Nearby, his mother rocks her sobbing baby. The family has made it to the camp, one of several in northeast Kenya that are receiving a flood of refugees from Somalia.

“We had livestock like sheep, goats, and cattle-over a dozen,” says a 22-year-old mother named Momina. “They all died of the drought.”

“We used to eat corn,” she continues. “But food was running out. So we left.”

Walking in a group of about 20 people, it took Momina 20 days to get from her home in Somalia to the Kenyan camp. They slept under the stars, ate whatever they had left, and managed to avoid attacks-by wild animals and by the bandits that plague the area.
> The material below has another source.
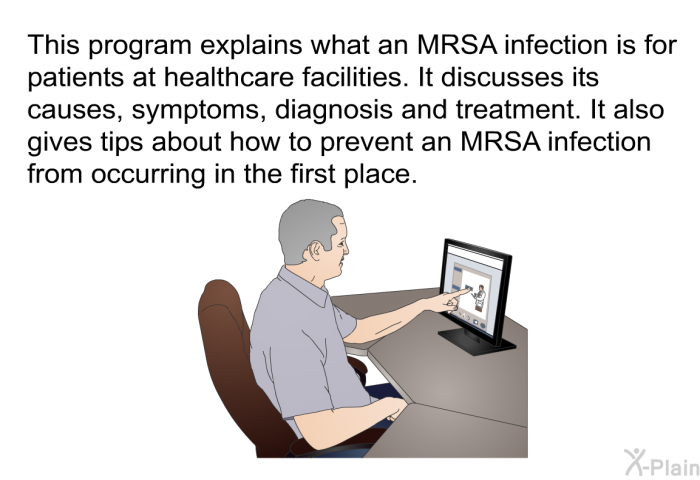 This health information explains what an MRSA infection is for patients at healthcare facilities. It discusses its causes, symptoms, diagnosis and treatment. It also gives tips about how to prevent an MRSA infection from occurring in the first place.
Over 1,000 hungry, exhausted refugees a day are streaming into several refugee camps in a place called Dadaab, not far from the border with Somalia. Together, all the camps were meant to hold fewer than 100,000 people. But over 370,000 refugees now crowd them–and spill into nearby areas.

Catholic Relief Services (CRS is a Caritas member) staff are here too, working with a local partner to assess the most urgent needs. The CRS team includes experts in sanitation, shelter, and protecting children and women who are in dangerous situations.

“There’s a lot of need and everyone has a role to play,” says Elijah Gichora, a CRS staffer who returned to Dadaab having developed clean water programs here in the past. “CRS is working hard to help.”

Laura Sheahen is CRS’ regional information officer for Asia. She is reporting from Kenya.